Here’s why Tim Allen’s Home Improvement character tended to express himself through grunts. Allen was best known as a stand-up comic before Home Improvement, which had been developed especially for him. ABC originally offered Allen shows based on movies like Turner & Hooch or Dead Poet’s Society, but he instead wanted to focus on something original and based on his own interests. The result was Home Improvement, where he played Tim “The Tool Man” Taylor, host of a popular DIY series called Tool Time.

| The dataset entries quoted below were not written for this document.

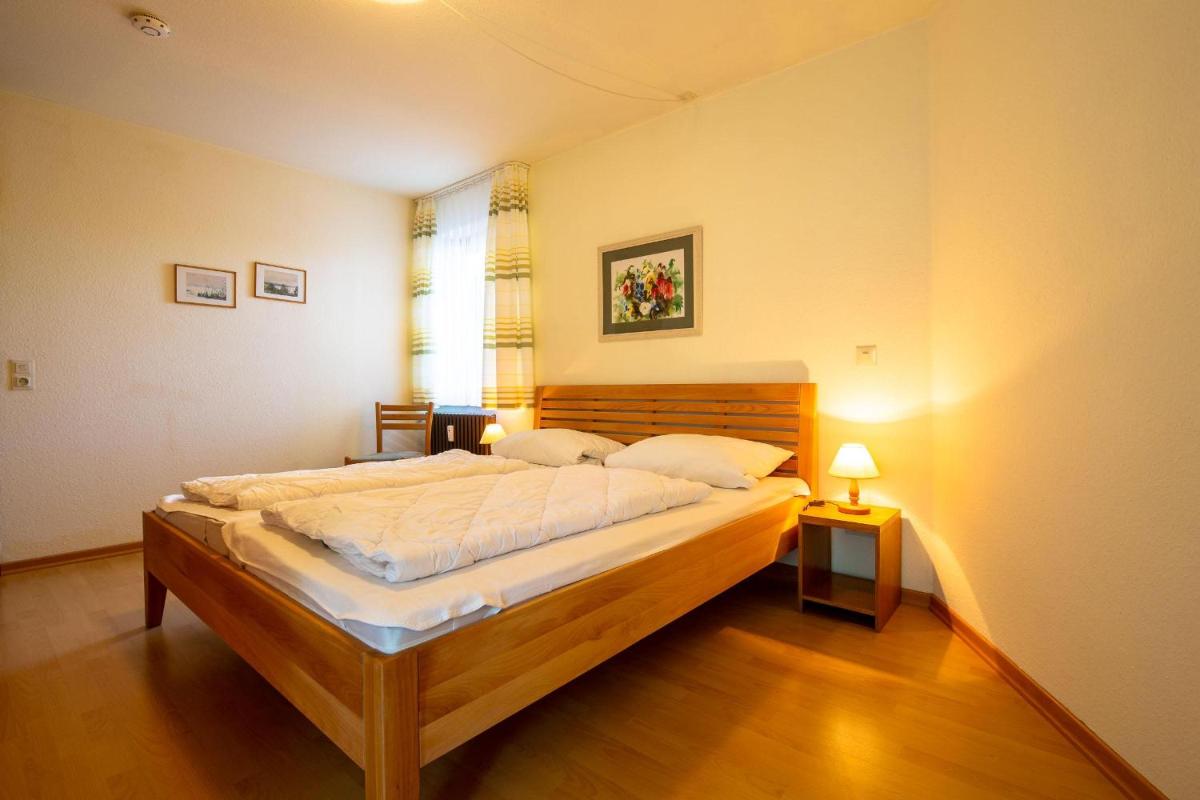 Ferienwohnpark Immenstaad am Bodensee Zwei-Zimmer-Apartment 53 01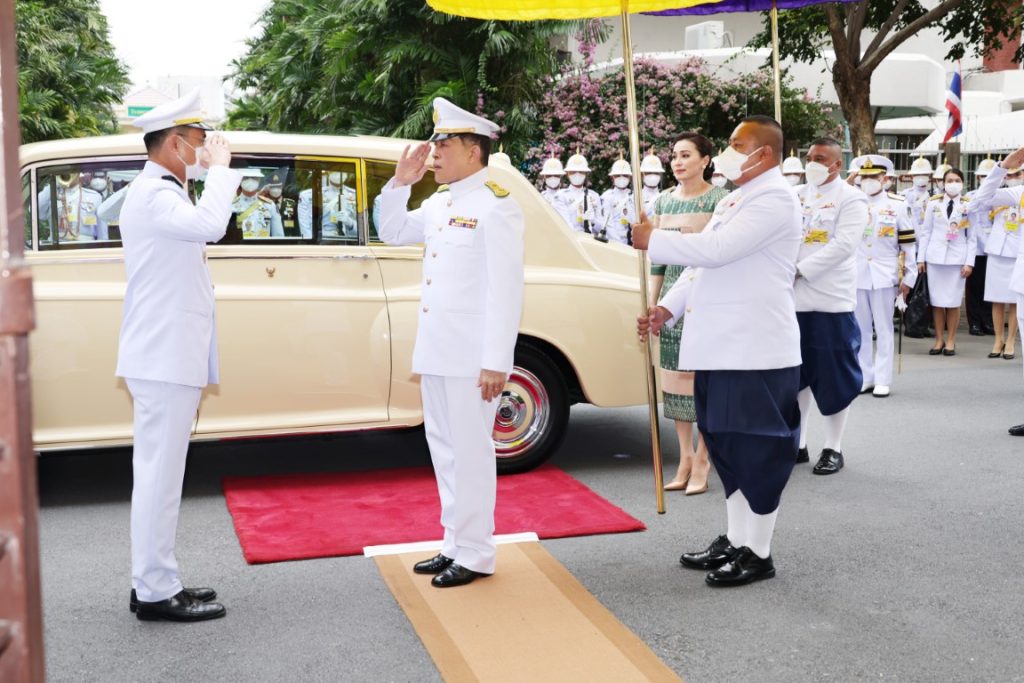 พระบาทสมเด็จพระเจ้าอยู่หัว และสมเด็จพระนางเจ้า ฯ พระบรมราชินี เสด็จพระราชดำเนินไปทรงวางพวงมาลาถวายราชสักการะพระราชานุสาวรีย์สมเด็จพระมหิตลาธิเบศร อดุลยเดชวิกรม พระบรมราชชนก เนื่องใน “วันมหิดล” ประจำปี 2567 ณ โรงพยาบาลศิริราช เขตบางกอกน้อย กรุงเทพมหานคร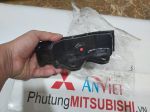 Chân hộp số xe Mitsubishi Pajero Sport
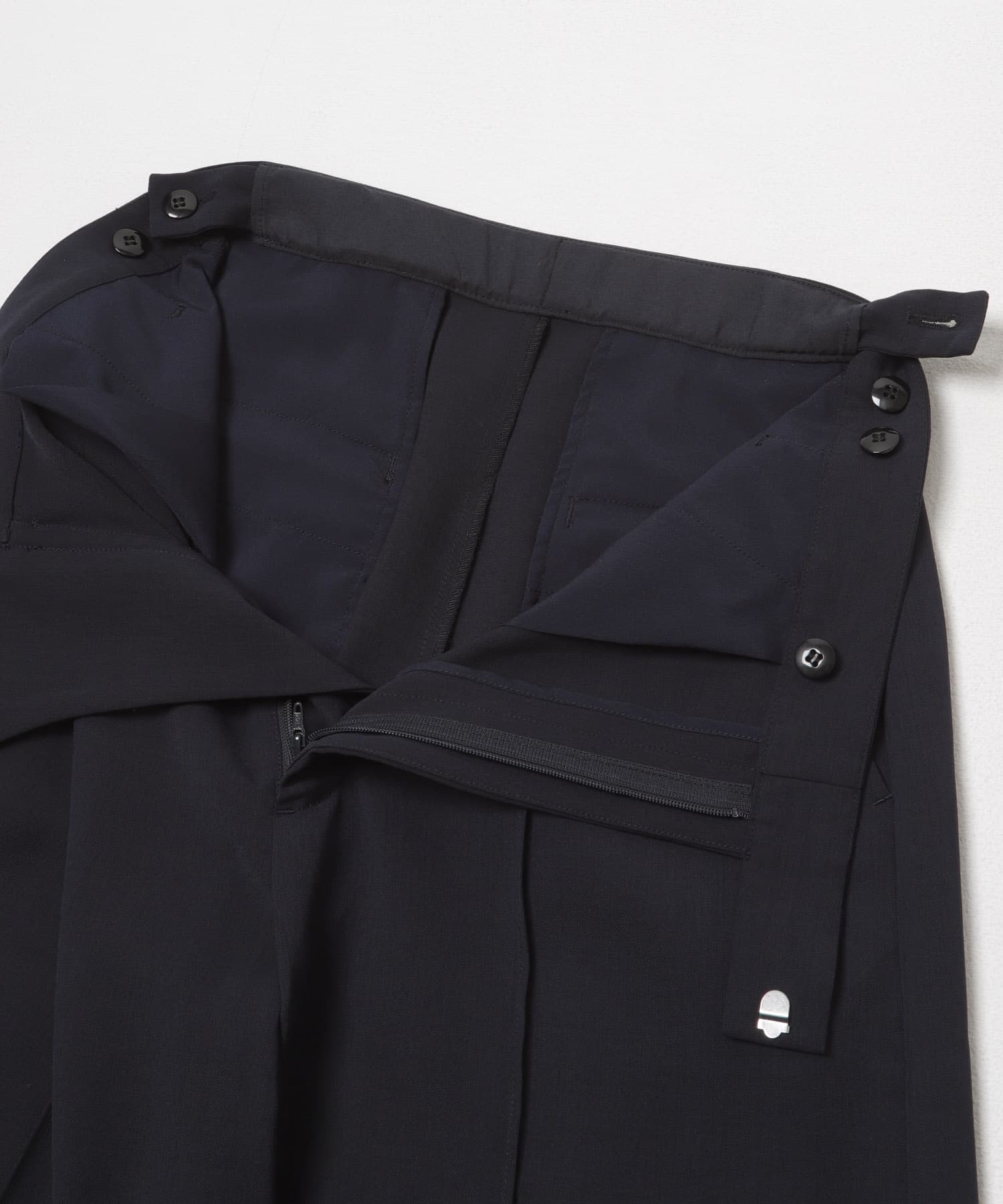 クールタッチ 防シワ ストレートパンツ DARK NAVY 36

Home Improvement would become one of the biggest sitcoms of the ’90s, and its success spurned Allen on to movies like Toy Story and The Santa Clause. The show also gave Pamela Anderson an early role as Tool Time girl Lisa, though the actor later left to star in Baywatch. The sitcom was still doing well in ratings when Allen and co-star Patricia Richardson decided to walk away from lucrative paydays for a ninth season, as they felt the show had run its course.
Home Improvement frames Tim Taylor as an average, loving family man who enjoys the simple things in life, including “manly” pursuits like power tools. One of Allen’s most common comic tics on the show was grunting, be it to express confusion or happiness at wielding tools of varying power. Allen’s grunting was so commonplace it even features in Home Improvement’s opening titles. That’s because the grunts are a holdover from Showtime’s Tim Allen: Men Are Pigs, the 1990 stand-up special that put the comic on ABC’s radar.
Men Are Pigs was a half-hour special that featured Allen – who was replaced by Chris Evans in Lightyear – in an extended bit about how men are basically apes and grunt all the time to express themselves, from eating to using tools. Diving deeper, Allen revealed in an interview with Detroit Comedy Scene that he first came up with the grunt “hook” during a show he was performing in Ohio. According to the comic, he was “dying” on stage and could hear the “grunts” of people eating and mumbling in the crowd. “Out of frustration, I started grunting parts of the transitions between observation so they would better understand my stories and for a spell, they actually got really responsive. I never forgot this moment.”
Tim Allen’s grunts became a strange comic signature on Home Improvement, and there are now YouTube videos compiling Taylor’s every groan. While Allen later reprised Tim Taylor for an episode of Last Man Standing, there’s been no talk of reviving Home Improvement for a new series. Considering it began and ended in the ’90s, maybe it’s best left as a nostalgic favorite from the decade.